銀幕映えする血鬼術の表現と、これまでとは一線を画す戦いに身を投じる剣士たち

 ここからは、個人的に期待する「猗窩座再来」の見どころについて語りたい。アニメ「鬼滅の刃」シリーズが多くのファンに支持されるポイントは数あれど、その中でも鬼殺隊の剣士たちが操る呼吸の剣技、そのアニメーションならではといえる表現を突き詰めた映像体験と、人間と鬼……生物として圧倒的不利な戦いを強いられるキャラクターたちの命を賭した様に説得力を与える、声優陣の鬼気迫る演技。この2つが大きなポイントであることに異議はないだろう。

 今作でも同じく、「炭治郎や柱たちの駆使する剣技をどのように見せてくれるのか」という期待はあるが、それ以上に気になっているのは、鬼たちの使用する血鬼術の方だ。童磨が操る、氷を用いた血鬼術はいかにも華やかで銀幕映えすることが想像に難くないし、善逸の兄弟子だった鬼・獪岳は、雷の呼吸の剣技に自身の血鬼術を上乗せして黒雷を放つ。その派手さや、一度受けたら最後、体を割り続けるという獪岳の血鬼術をどのように表現するのかワクワクする思いだ。
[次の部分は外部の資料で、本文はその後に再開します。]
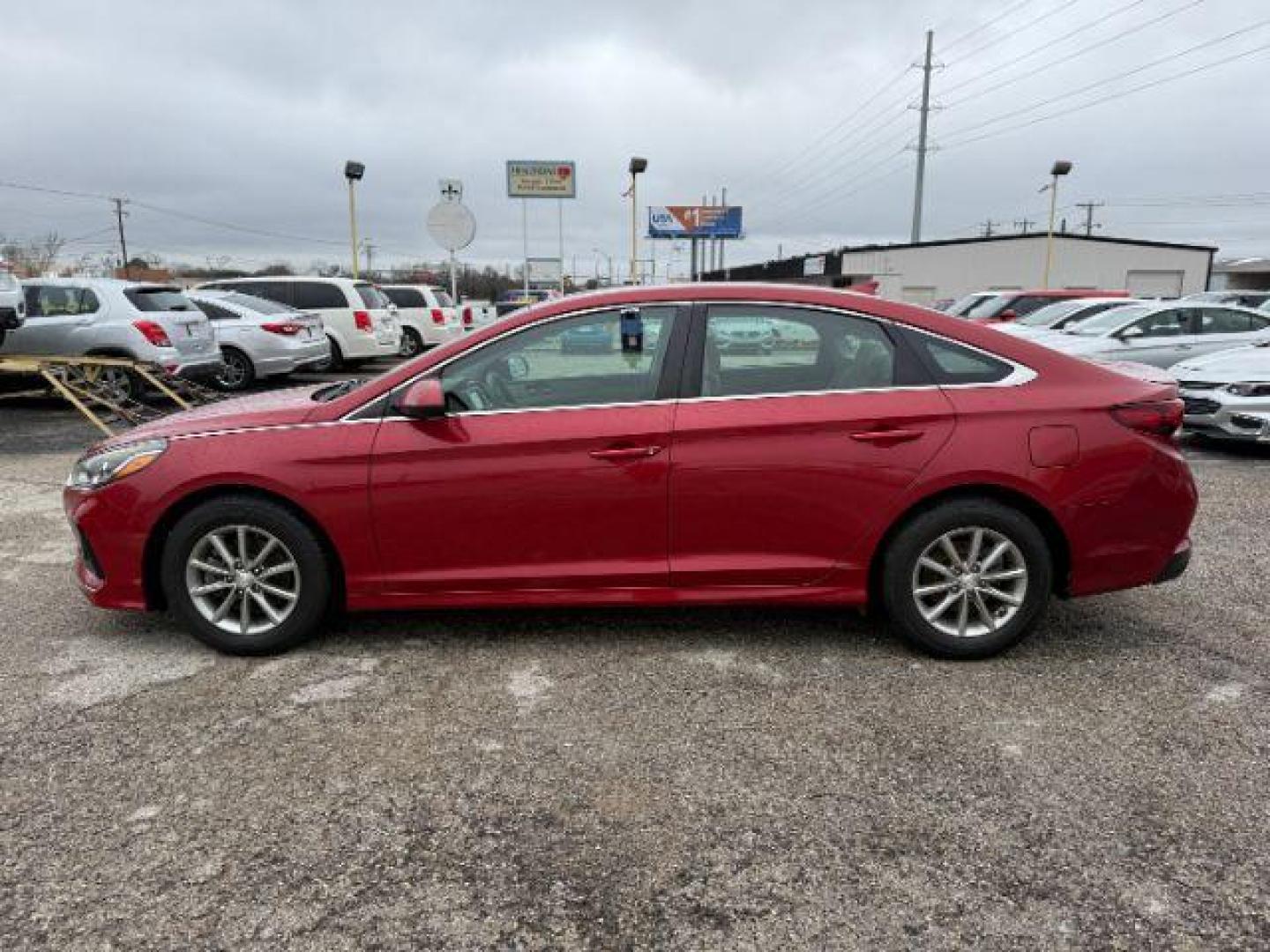 2019 RED Hyundai Sonata SE (5NPE24AF5KH) with an 2.4L L4 DOHC 16V engine, 7-Speed Automatic transmission, located at 2715 W Pioneer Pkwy, Arlington, TX, 76013, (817) 265-9009, 32.710262, -97.153236 - Photo#2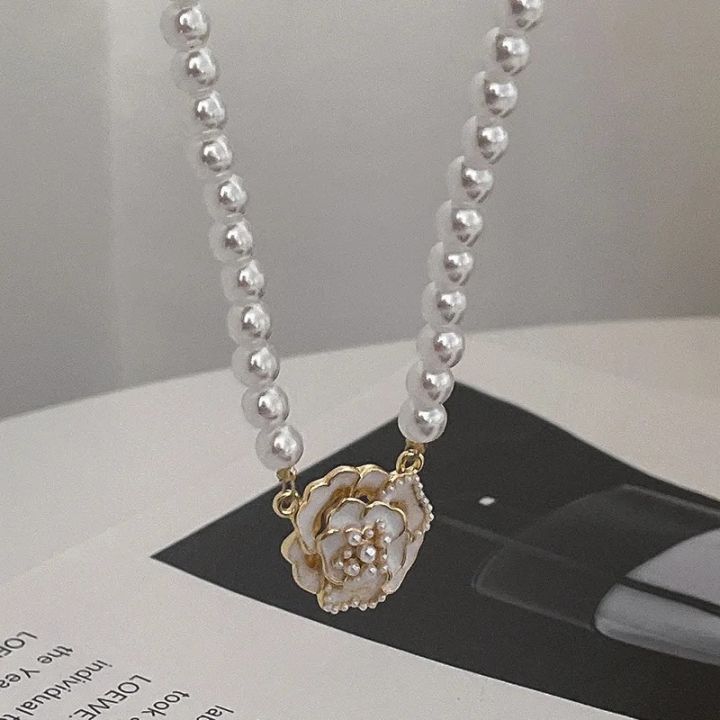 Elegant%20Fashion%20Rose%20Pearl%20Bead%20Necklace%20for%20Women%20Temperament%20Flower%20Versatile%20Clavicle%20Chain%20Necklace%20Women's%20Jewelry%20Gift%20-%20Image%204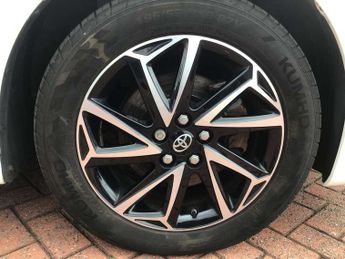 Toyota Yaris 1.5 Hybrid Design 5dr CVT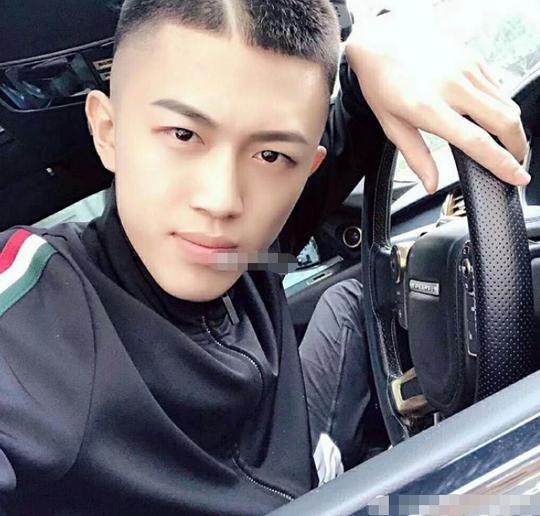 快手网红牌牌琦高调直播，官方的态度让人傻眼，网友：这么宠的吗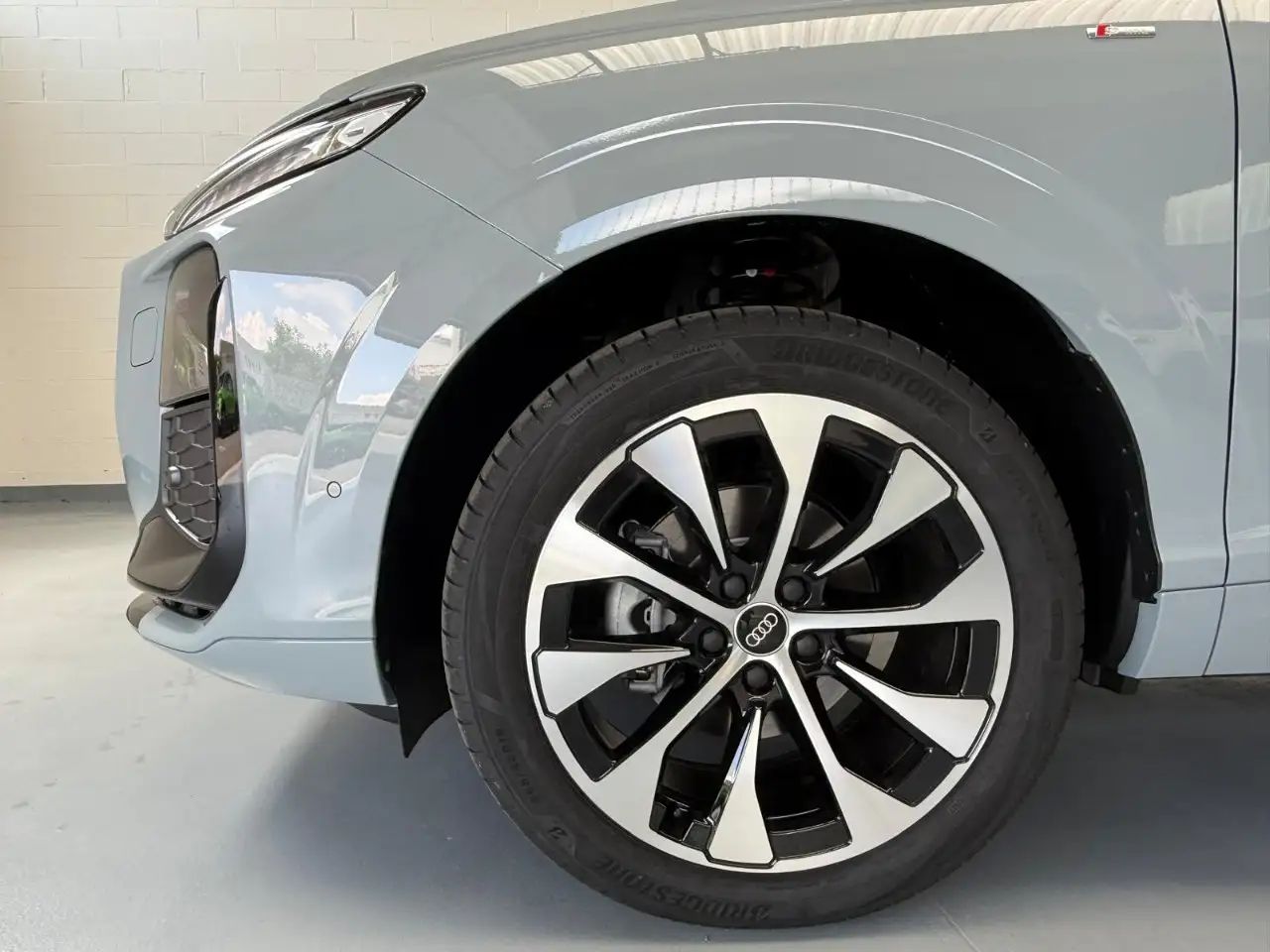 Audi Q3 7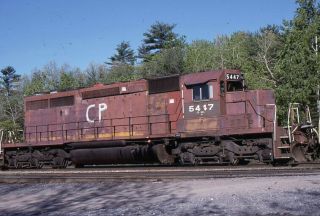 Slide Of Canadian Pacific Sd40 - 2 Saratoga Springs,  Ny 1997 F & R More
 また無限城に突入してからの戦い全般には、これまでに描かれてきた戦いとは明らかに異なる点がある。それは「鬼と相対するキャラクターとの間に明確な因縁がある」という点だ。しのぶは先代花柱である実姉・胡蝶カナエの敵討ちを、善逸は兄弟子が鬼となったことで、その責任を取る形で切腹した育手(そだて)の元鳴柱・桑島慈悟郎の無念を、そして炭治郎は言うまでもなく、煉獄杏寿郎の雪辱を晴らすという、それぞれに抱く想いがある。この激情を秘めたキャラクターたちを、各担当キャストがどのように演じるのか……そういう視点での楽しみもある。

童磨と退治する胡蝶しのぶ

 そういった意味では、今回特に注目したいのが善逸だ。戦闘時には(意識を失っているが)頼りになるものの、普段はおちゃらけた言動が目立つコメディリリーフ的な役回りの善逸。「柱稽古編」でとある文を受け取ってから彼の様子は一変し、先の予告編でも少々触れたが、今回の善逸は戦いに対して腰が引けた、軟弱ないつもの雰囲気が一切ない。激しい敵意を剥き出しにする善逸を、担当キャストである下野紘氏がどのように演じるのかが気になっているファンは多いだろう。その真相はぜひ、7月18日の公開後に劇場で確かめてほしい。